Randi se dedicou durante muito tempo a combater a falsidade de videntes e paranormais. Em 2007, ele foi ao TED fazer uma palestra sobre seu trabalho. Através de exemplos divertidos, o conjurador — como ele se denomina — nos deixa, no mínimo, um pouco mais céticos. Confira a palestra:

Com a queda da URSS, muitos estudiosos se mudaram para os EUA, onde relataram o que acontecia nos black projects soviéticos. O rumor era de que os resultados tinham sido incríveis, o que gera a pergunta: até que ponto isso não foi propaganda?

A prática estadunidense de importar cérebros era famosa desde o fim da Segunda Guerra. Segundo Leonardo Martins, isso acabou influenciando também a ficção científica, que explora bastante o estereótipo do cientista estrangeiro.

Historicamente, a Parapsicologia começou a ganhar notoriedade ainda no século 19. Em 1882, foi fundada em Londres a Sociedade de Pesquisas Psíquicas, que reunia intelectuais tentando investigar a paranormalidade e mediunidade. Nos anos 1930, o casal Rhine fundou o primeiro grande laboratório de Parapsicologia, que adquiriu uma carga mais científica. A proposta envolvia um estudo experimental controlado, impedindo que supostos paranormais demonstrassem suas habilidades através de farsas e manipulações. “Nós devemos vários aspectos do método científico atual à pesquisa parapsicológica”, menciona o pesquisador do Instituto de Psicologia.

Eleven no tanque de privação sensorial. Fonte: Reprodução

Como vemos nos flashbacks de Stranger Things, a experiência de Eleven no Depto. de Energia sob o controle do Doutor Brenner não foi exatamente prazerosa. Além de ser manipulada emocionalmente, ela era submetida a condições extremas, para que pudesse “ativar seus poderes”. O exemplo mais marcante é o tanque de privação sensorial.

Há conhecimento de experimentos com essa técnica na época, mas segundo Leonardo Martins, o modo de execução não é muito conhecido. Afinal, se tratavam de black projects e as informações eram escassas. “Sabemos que pesquisas em geral nas décadas passadas respeitavam muito pouco o conforto das pessoas. Hoje, ainda fazemos isso de privação sensorial, mas de uma forma extremamente mais humanizada.”

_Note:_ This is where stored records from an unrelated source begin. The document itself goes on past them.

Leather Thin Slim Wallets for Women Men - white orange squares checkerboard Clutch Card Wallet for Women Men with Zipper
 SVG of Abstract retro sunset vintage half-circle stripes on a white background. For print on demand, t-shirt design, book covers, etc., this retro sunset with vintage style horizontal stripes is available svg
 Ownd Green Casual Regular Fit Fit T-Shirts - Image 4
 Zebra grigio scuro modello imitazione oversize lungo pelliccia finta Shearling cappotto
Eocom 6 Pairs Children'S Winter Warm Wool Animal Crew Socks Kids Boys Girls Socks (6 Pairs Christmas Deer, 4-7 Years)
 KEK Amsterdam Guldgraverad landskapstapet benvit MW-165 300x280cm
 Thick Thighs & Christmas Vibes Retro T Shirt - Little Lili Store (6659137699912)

A Parapsicologia atual acredita que, se houver a possibilidade de pessoas manifestarem habilidades extra-humanas, isso acontecerá com maior probabilidade se elas estiverem em um estado mental relaxado e concentrado. Um método muito utilizado atualmente é o de Ganzfield, em que o sujeito usa óculos vedados e fones de ouvido, com um ruído branco (um chiado constante em volume agradável, que gera sensação de isolamento acústico) por trás. Bem diferente do tanque com sal a que Eleven foi submetida, certo?

“As sensações dos experimentos de isolamento sensorial são bem diferentes do que se vê na série. Na série, é angustiante, claustrofóbico”, diz o pesquisador, que atribui essa angústia à questão dramática da série — o caráter manipulador do cientista Brenner e o fato de uma criança ter sido usada como cobaia.

Esse estereótipo do cientista antiético, no entanto, é bastante combatida no meio. Afinal, algumas produções televisivas podem dar uma impressão errada para o público. Leonardo Martins diz que, nas pesquisas, as condições são as mais confortáveis possíveis e a participação é mediante um termo de consentimento.

Fonte: Reprodução

A ciência pulsa de Stranger Things, como podemos ver. Produções culturais como essa devem ser admiradas, pois não apenas servem para o entretenimento do espectador, mas para sua formação intelectual.

A nova temporada, que será lançada em 2019, certamente trará mais mistérios, dúvidas, aventuras, eggos, e, é claro, muita ciência para explorarmos!